**PROMPT**
Copying rule for the data below: pictures stay out, and only the lines from the one with "Top view of" down to the one with "200 - A William", inclusive, are repeated exactly.

**DATA PROVIDED**
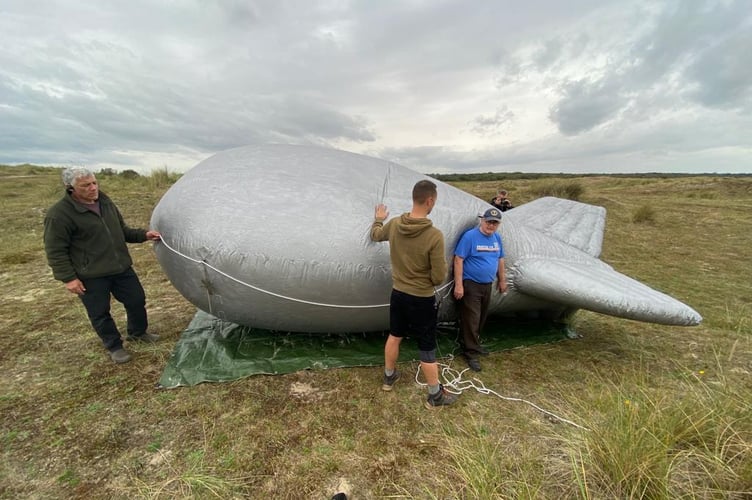 Pete Garwood with the crew on "Erased"-" we used this balloon on the beach in the film."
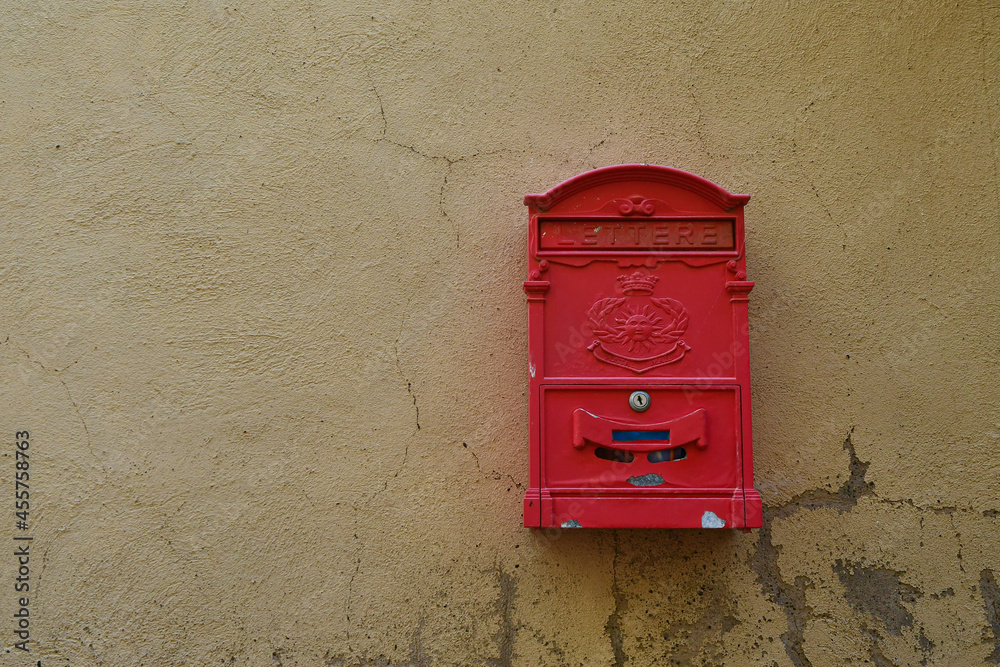 Close-up of an old yellowish wall with a red mailbox, Tuscany, Italy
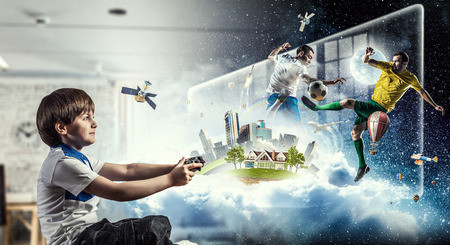 Boy playing a video game. Mixed mediaの写真素材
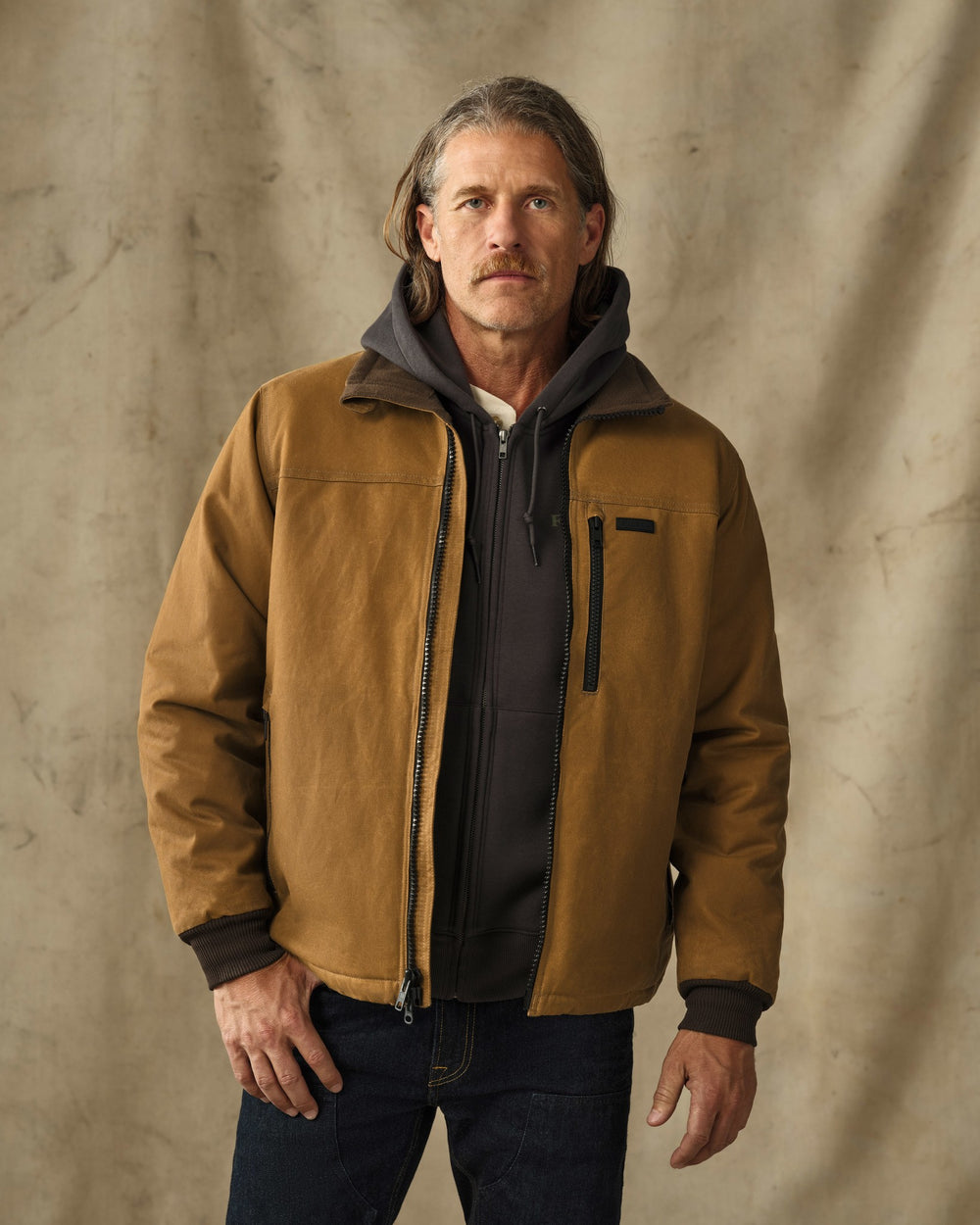 image of a model wearing Filson's Tin Cloth Insulated Jacket - Dark Tan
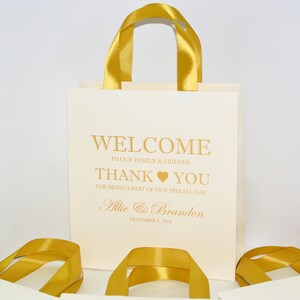 May include: White favor bags with gold ribbon handles. The bags have a gold inscription that reads "Welcome to our family & friends Thank you for being a part of our special day Allie & Brandon December 8, 2013".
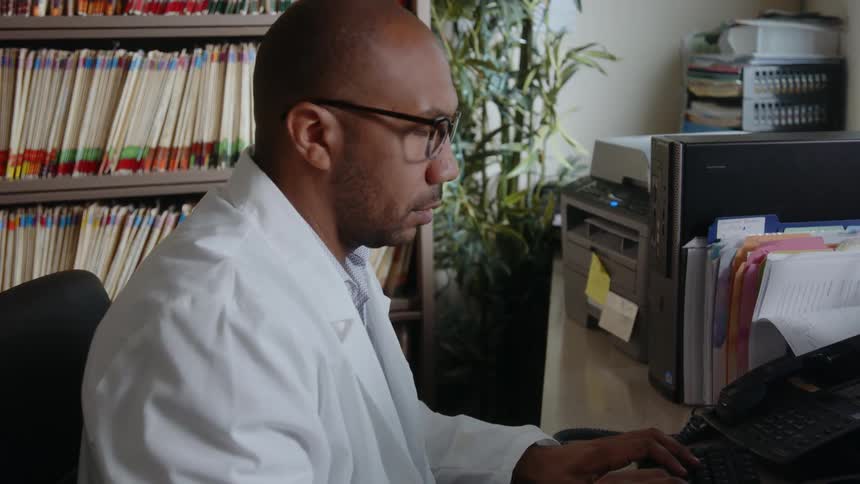 A man is sitting in his office and typing on computer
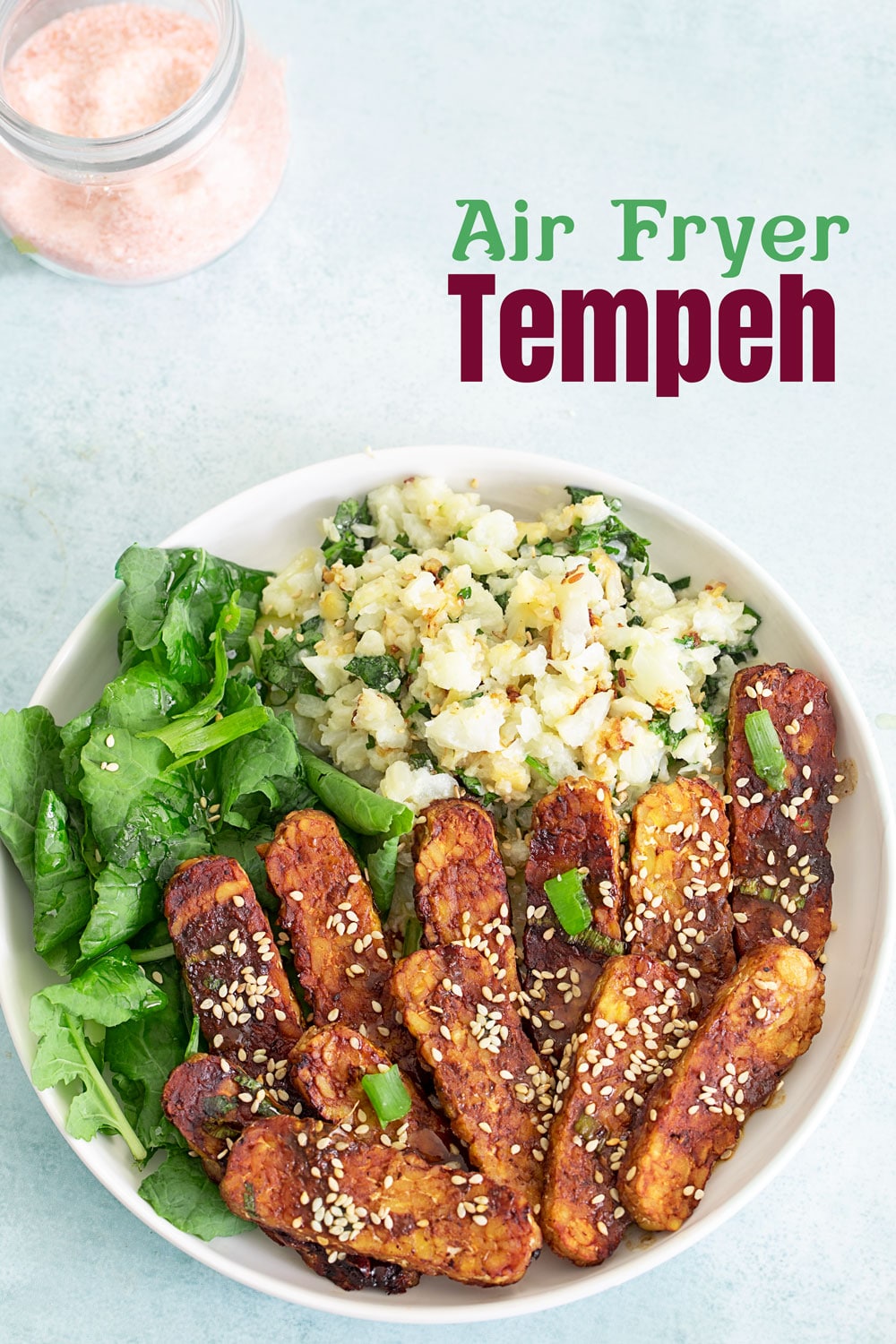 Top view of a vegan buddha bowl with air fryer tempeh, greens and rice. Easy healthy recipes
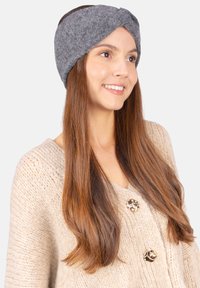 Un bandeau en tissu gris texturé avec un design frontal torsadé, porté avec un pull en maille épaisse crème comportant de boutons ronds brillants.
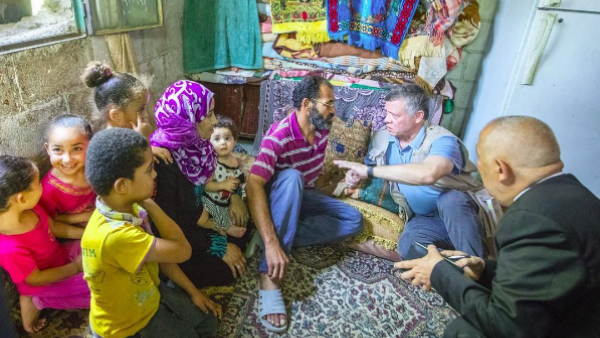 Jordan's King Abdullah II pays surprise visits to underprivileged families in Deir Alla District. (Royal Hashemite Court)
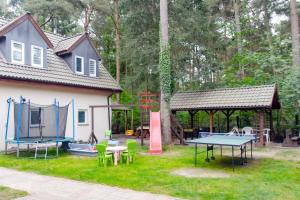 Sztil - Apartamenty i drewniane domki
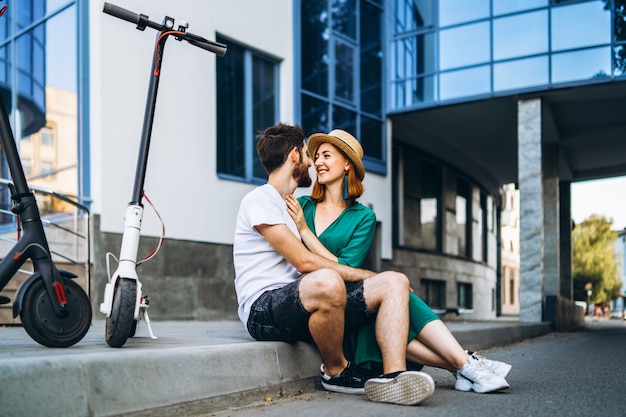 Young loving couple relaxing sitting near a modern glass building with their electric scooters.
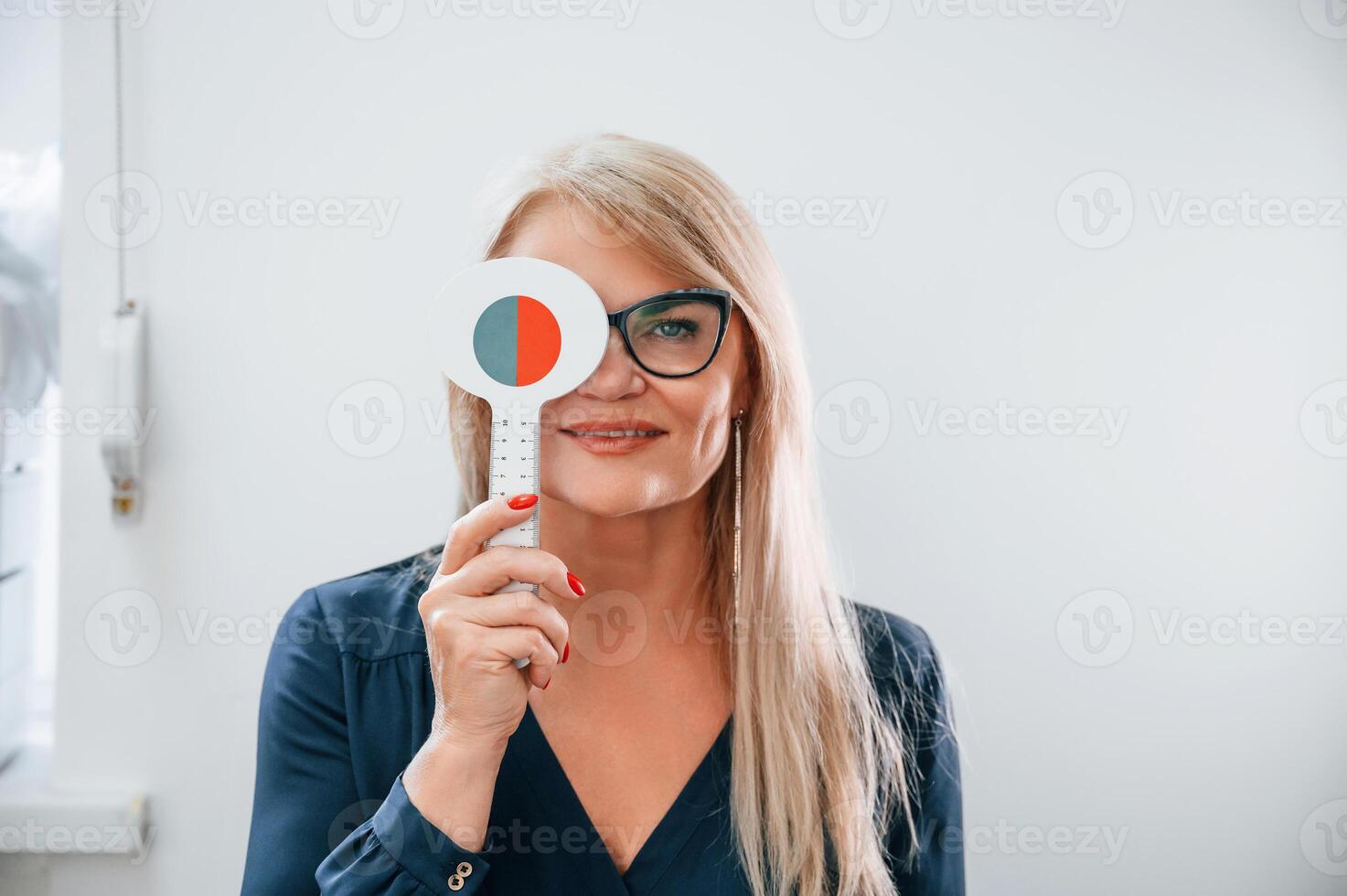 Woman sitting in the clinic and covering her eye. Testing vision photo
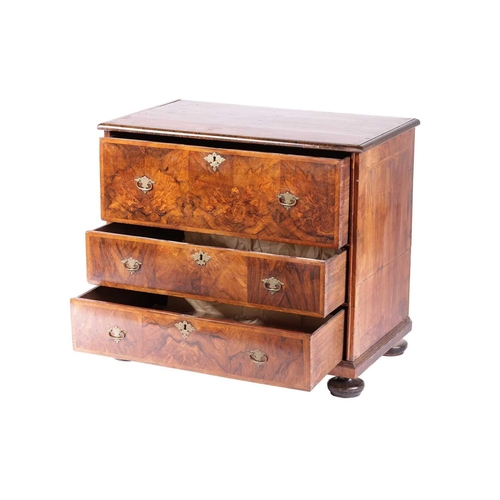 200 - A William & Mary walnut chest of three long drawers, the parquetry top with the central quartered pa... 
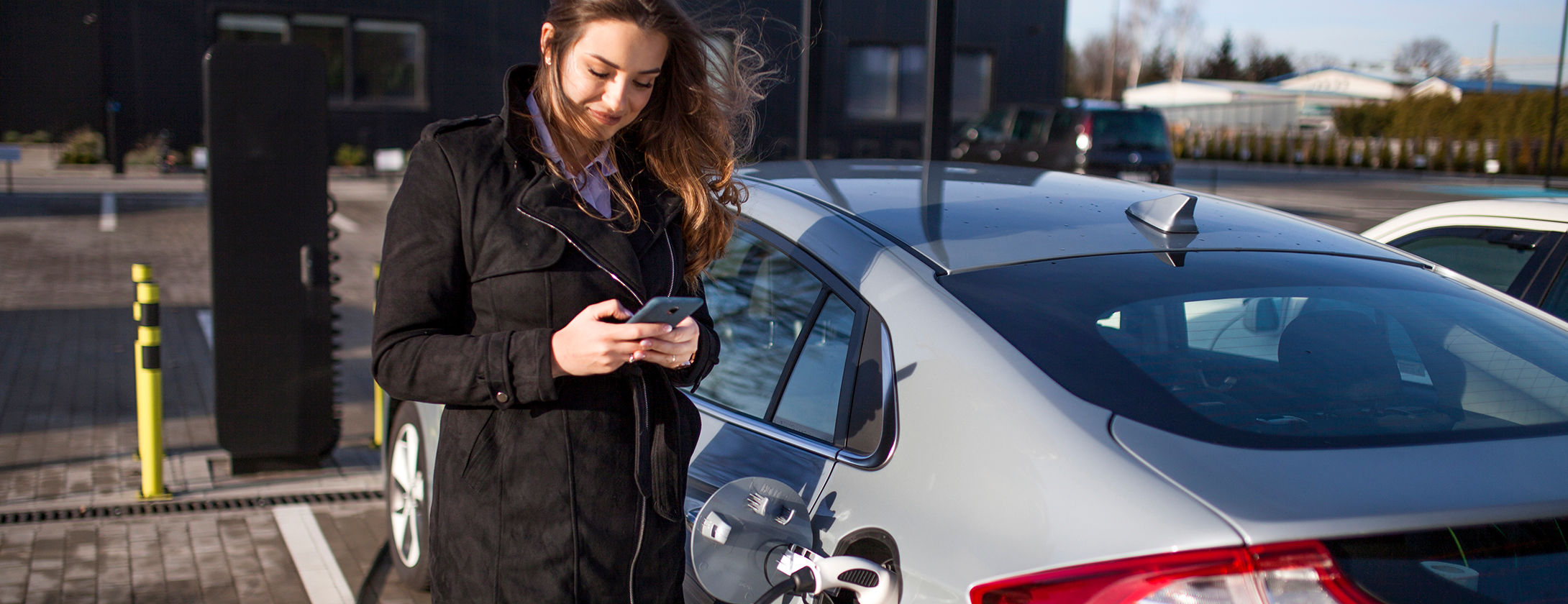 Una donna usa il suo cellulare fuori dalla sua auto elettrica mentre questa viene ricaricata in un parcheggio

**RESULT OF THIS TASK**
 Top view of a vegan buddha bowl with air fryer tempeh, greens and rice. Easy healthy recipes
 Un bandeau en tissu gris texturé avec un design frontal torsadé, porté avec un pull en maille épaisse crème comportant de boutons ronds brillants.
 Jordan's King Abdullah II pays surprise visits to underprivileged families in Deir Alla District. (Royal Hashemite Court)
 Sztil - Apartamenty i drewniane domki
 Young loving couple relaxing sitting near a modern glass building with their electric scooters.
 Woman sitting in the clinic and covering her eye. Testing vision photo
 200 - A William & Mary walnut chest of three long drawers, the parquetry top with the central quartered pa... 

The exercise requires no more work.